History of Immunology

The science of immunology arose from the knowledge that those who survived one of the common infectious diseases of the past rarely contracted the disease again. As early as 430 bc, during the plague in Athens, Thucydides recorded that individuals who had previously contracted the disease recovered and he recognized their “immune” status.

Beginning about 1000 ad, the Chinese practiced a form of immunization by inhaling dried powders derived from the crusts of smallpox lesions. In the 15th century, powdered smallpox “crusts” were inserted with a pin into the skin. When this practice became popular in England, it was discouraged at first, partly because the practice of inoculation occasionally killed or disfigured a patient.

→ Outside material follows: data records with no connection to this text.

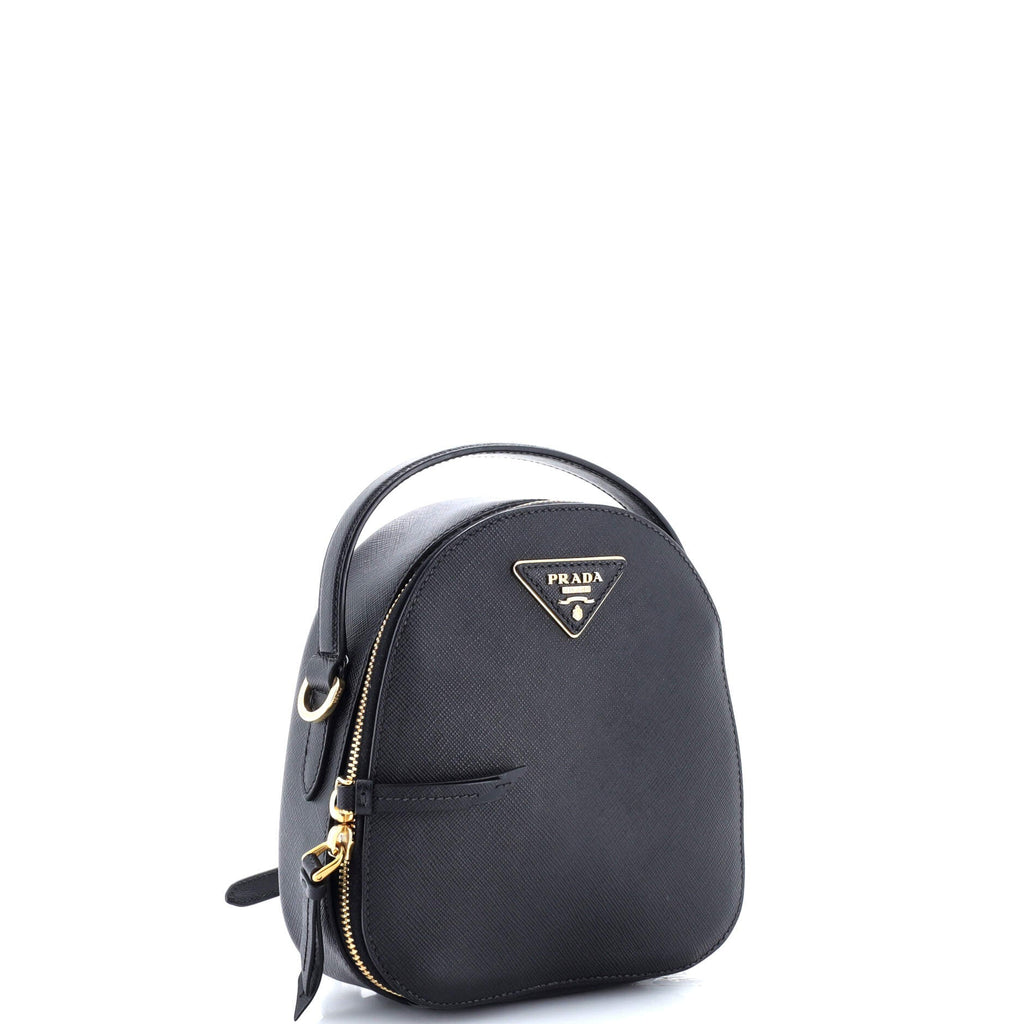 Odette Zip Backpack Saffiano Leather Mini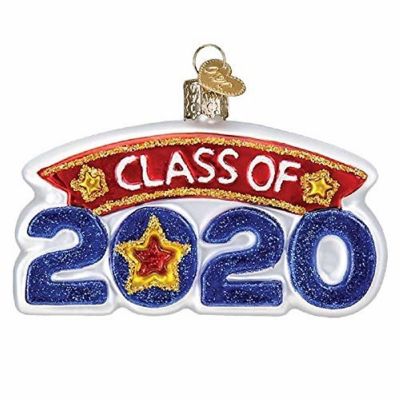 Old World Christmas Class of 2020 Tree Ornament Image 1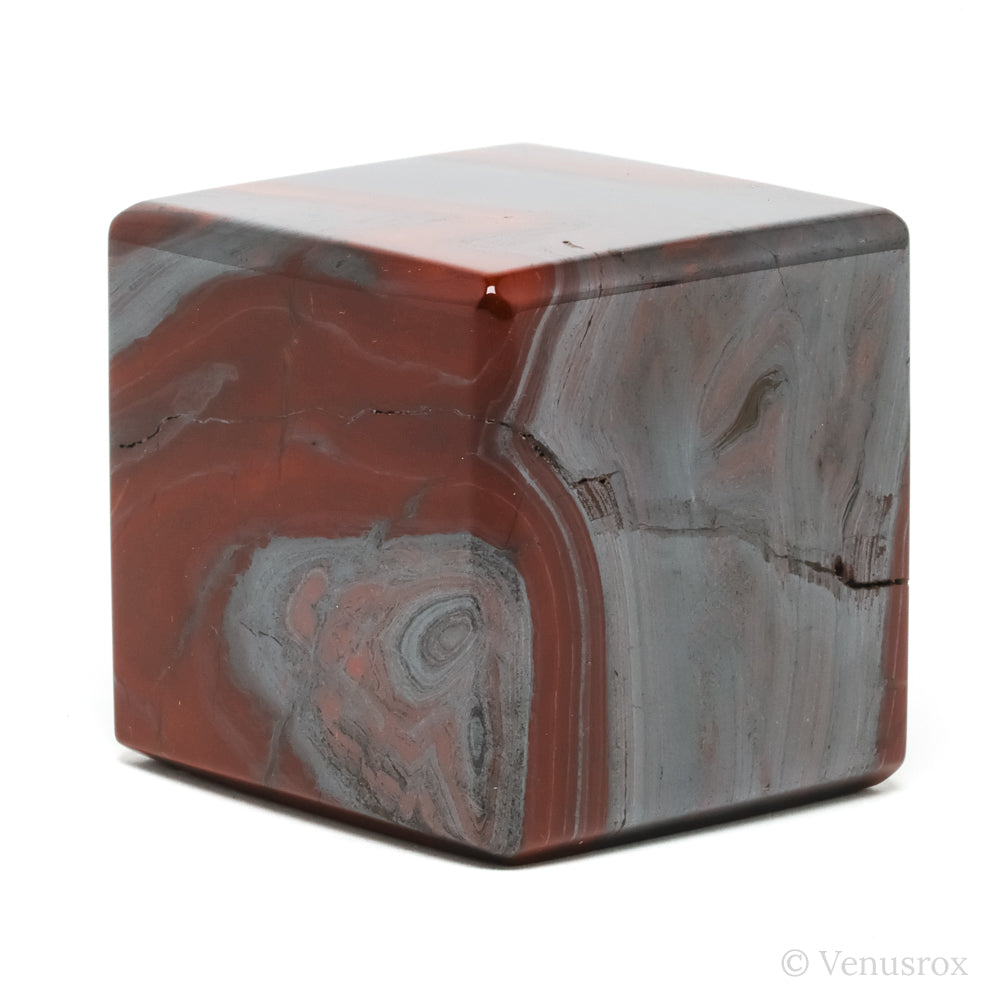 Red Jasper with Hematite Polished Cube from India | Venusrox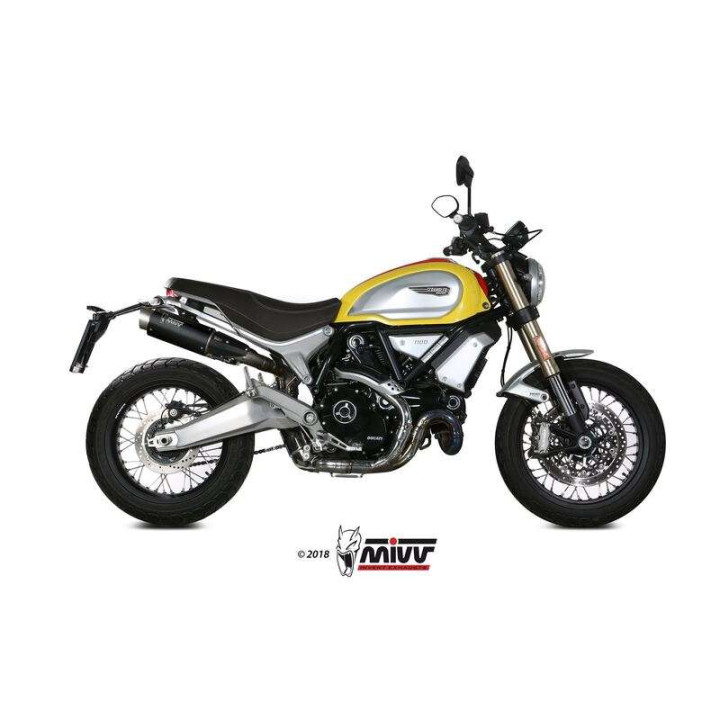 Mivv GP PRO approved muffler Inox black (D.038.LXBP) Ducati Scrambler 1100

Louis Pasteur is generally considered to be the Father of Immunology. Table 1-1 lists some historic benchmarks in immunology.

Table 1-1

Significant Milestones in Immunology

Date Scientist(s) Discovery
1798 Jenner Smallpox vaccination
1862 Haeckel Phagocytosis
1880-1881 Pasteur Live, attenuated chicken cholera and anthrax vaccines
1883-1905 Metchnikoff Cellular theory of immunity through phagocytosis
1885 Pasteur Therapeutic vaccination
First report of live “attenuated” vaccine for rabies
1890 Von Behring, Kitasata Humoral theory of immunity proposed
1891 Koch Demonstration of cutaneous (delayed-type) hypersensitivity
1900 Ehrlich Antibody formation theory
1902 Portier, Richet Immediate-hypersensitivity anaphylaxis
1903 Arthus Arthus reaction of intermediate hypersensitivity
1938 Marrack Hypothesis of antigen-antibody binding
1944   Hypothesis of allograft rejection
1949 Salk, Sabin Development of polio vaccine
1951 Reed Vaccine against yellow fever
1953   Graft-versus-host reaction
1957 Burnet Clonal selection theory
1957   Interferon
1958-1962   Human leukocyte antigens (HLAs)
1964-1968   T-cell and B-cell cooperation in immune response
1972   Identification of antibody molecule
1975 Köhler First monoclonal antibodies
1985-1987   Identification of genes for T cell receptor
1986   Monoclonal hepatitis B vaccine
1986 Mosmann Th1 versus Th2 model of T helper cell function
1996-1998   Identification of toll-like receptors
2001   FOXP3, the gene directing regulatory T cell development
2005 Frazer Development of human papillomavirus vaccine

What is immunology?

Immunology is defined as resistance to disease, specifically infectious disease. Immunology consists of the following: the study of the molecules, cells, organs, and systems responsible for the recognition and disposal of foreign (nonself) material; how body components respond and interact; the desirable and undesirable consequences of immune interactions; and the ways in which the immune system can be advantageously manipulated to protect against or treat disease (Box 1-1). Immunologists in the Western Hemisphere generally exclude from the study of immunology the relationship among cells during embryonic development.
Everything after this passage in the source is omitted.